インフレには「金」が強いというイメージを持つ人も多いでしょう。過去のインフレ局面で米国の実質金利が下落するときは金価格が上昇傾向を示しています。モノとして変化しないのが金の最大の強み。どんな経済状況になろうとも紙屑にならず、いつでも誰かが何かと交換してくれます。

ただ、金は良くも悪くもモノでしかありません。株なら企業が配当を出したり利益を生む努力をしますが、金はそれ自体が富を生む仕組みを備えていません。安全資産として持っておいてもいいとは思いますが、資産形成の中心に据えるものでもないでしょう。

金とは対照的に「不動産」は、モノでありながら運用によって価値を生む仕組みがあります。ただ、現物を買うには相当の資金を要します。投資用のローンを組もうにも、自宅のローンが残っていたりすれば、なかなか審査が通りません。手持ちの現金の範囲で買う手もありますが、少ない元手で買える不動産は初心者が扱うには難しい物件に限られるでしょう。

不動産を資産形成の一部とするなら「REIT」(不動産投資信託)が現実的な選択肢に挙がります。投資信託なので少額から分散積立投資が可能です。

ただし一口にREITといっても、オフィス系、商業施設系、住宅系、倉庫系など、幾つかのタイプがあります。コロナ禍においてはテレワークや営業自粛要請の影響でオフィス系や商業施設系が配当を減らした一方で、Eコマースの好調で倉庫系の需要が高まりました。しかし、インフレを想定しての投資なら、借り手との契約期間が比較的長めの倉庫系は「数年前の家賃水準」に引きずられることになりますから、やや不利になるかもしれません。

収入があるうちは積み立て続ける

いろいろな選択肢を紹介しましたが、個人的にはシンプルに「米国株指数(S&P500)」に連動するインデックス・ファンドを、毎月一定額積み立て続けるだけで十分だと思っています。先述の通り、株は“意思がある資産”ですし、市場の成長力は日本よりも米国が有利です。投資信託としては1銘柄ですが、米国を代表する500銘柄に分散されています。
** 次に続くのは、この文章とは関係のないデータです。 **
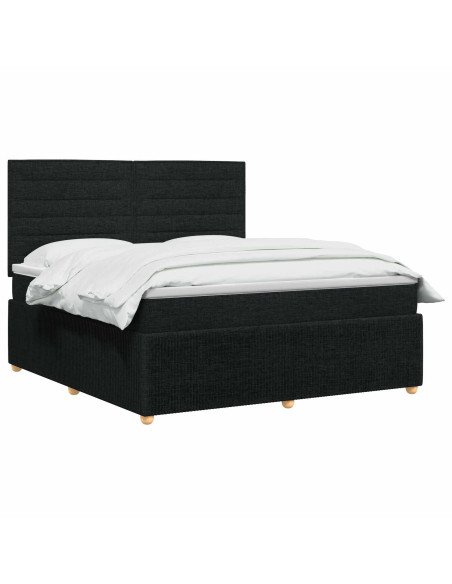 Letto Box Spring LED con Materasso Nero 160 x 200 cm Tessuto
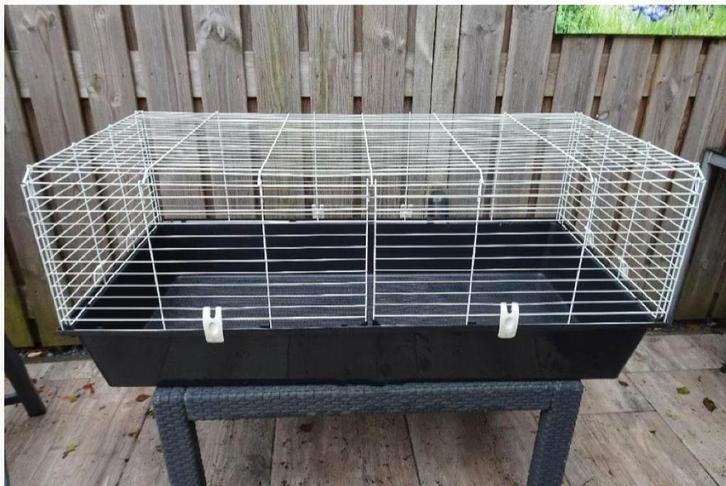 Mooie Z.G.A.N. GROTE Kooi, zwarte bak/witte tralies, L1.18cm, Dieren en Toebehoren, Knaagdieren en Konijnen | Hokken en Kooien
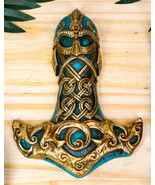 Ebros Turquoise Gold Colored Thor Hammer Viking God Thor&#39;s Mjolnir Wall ... - £31.59 GBP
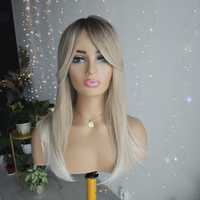 Tupet topper z grzywką beżowy blond 3D z odrostem Wiola 50 cm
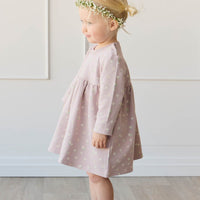 Organic Cotton Charlotte Dress - Simple Flowers Lilac Childrens Dress from Jamie Kay Australia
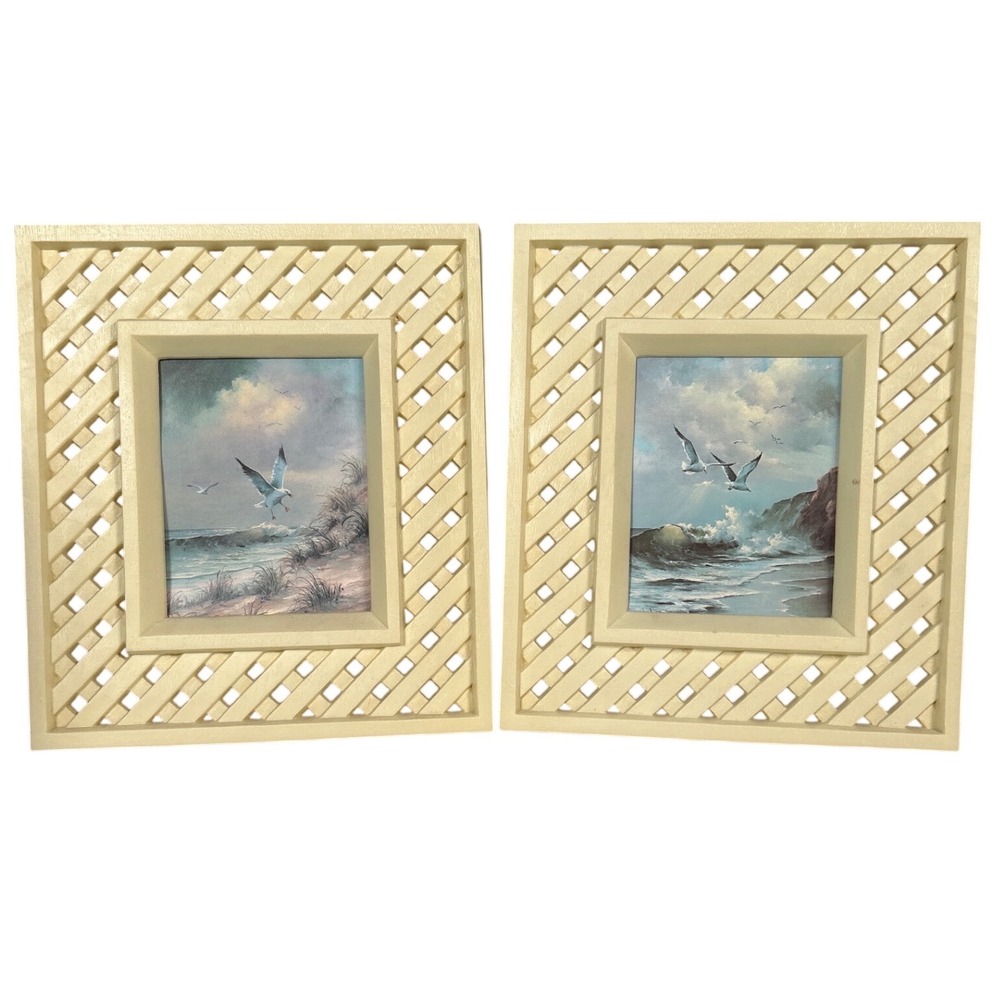 Vintage Homco Coastal Seagull Pictures Cream Lattice Faux Wicker Frames Set of 2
米国株だけでは不安だという人は、米国株・日本株(TOPIX)・国内債券・外国債券の投資信託に、毎月の投資額を4等分して積み立てるのもいいでしょう。「そんな単純な方法は信用ならない」という方は、世界最大級の機関投資家である年金積立金管理運用独立行政法人(GPIF)でさえも、外国株式・国内株式・国内債券・外国債券に25%ずつという構成比率で運用している事実を知るべきです。ポートフォリオは複雑に設定するほど洗練されるわけではないのです。